Last year Barbara C. Jordan Elementary School hosted a Barbara Jordan stamp unveiling in conjunction with the United States Postal Service Gateway District. Students Leyaanna Martin and Jessica Nohone (above) did the honors.
The stamp is the 34th to be issued as part of the U.S. Postal Service’s Black Heritage Series. St. Louis Postmaster Larry Diegel (above, left) said, “Jordan captured the attention and admiration of the nation with her intelligence and integrity, eloquent oratory, ardent defense of the Constitution, and staunch advocacy rights for all Americans.”
The portrait featured on the stamp is an oil painting by Albert Slark, based on an undated black-and-white photograph of Jordan. Art director Richard Sheaff designed the stamp.

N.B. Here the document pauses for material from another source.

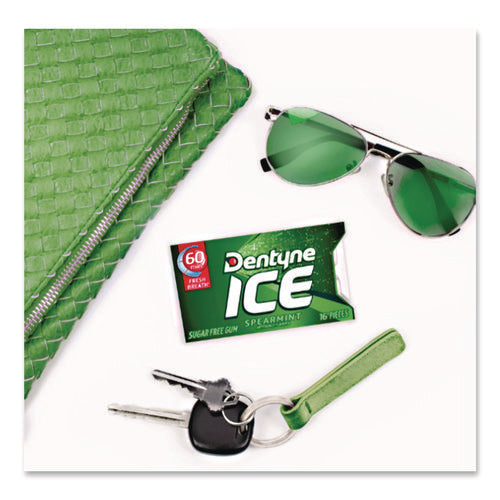Image of Dentyne Ice® Sugarless Gum, Spearmint, 16 Pieces/pack, 9 Packs/box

She was the first African American elected to the Texas Senate after Reconstruction (1966) and the first Southern black female elected to the United States House of Representatives (1972). In 1976, she became instead the first African-American woman to deliver the keynote address at the Democratic National Convention. She received the Presidential Medal of Freedom in 1994.
In 1973, Jordan began to suffer from multiple sclerosis. She had difficulty climbing stairs, and she started using a cane and eventually a wheelchair. Upon her death from complications of pneumonia on January 17, 1996, Jordan lay in state at the LBJ Library on the campus of The University of Texas at Austin. She was buried in the Texas State Cemetery in Austin, and was the first black woman interred there.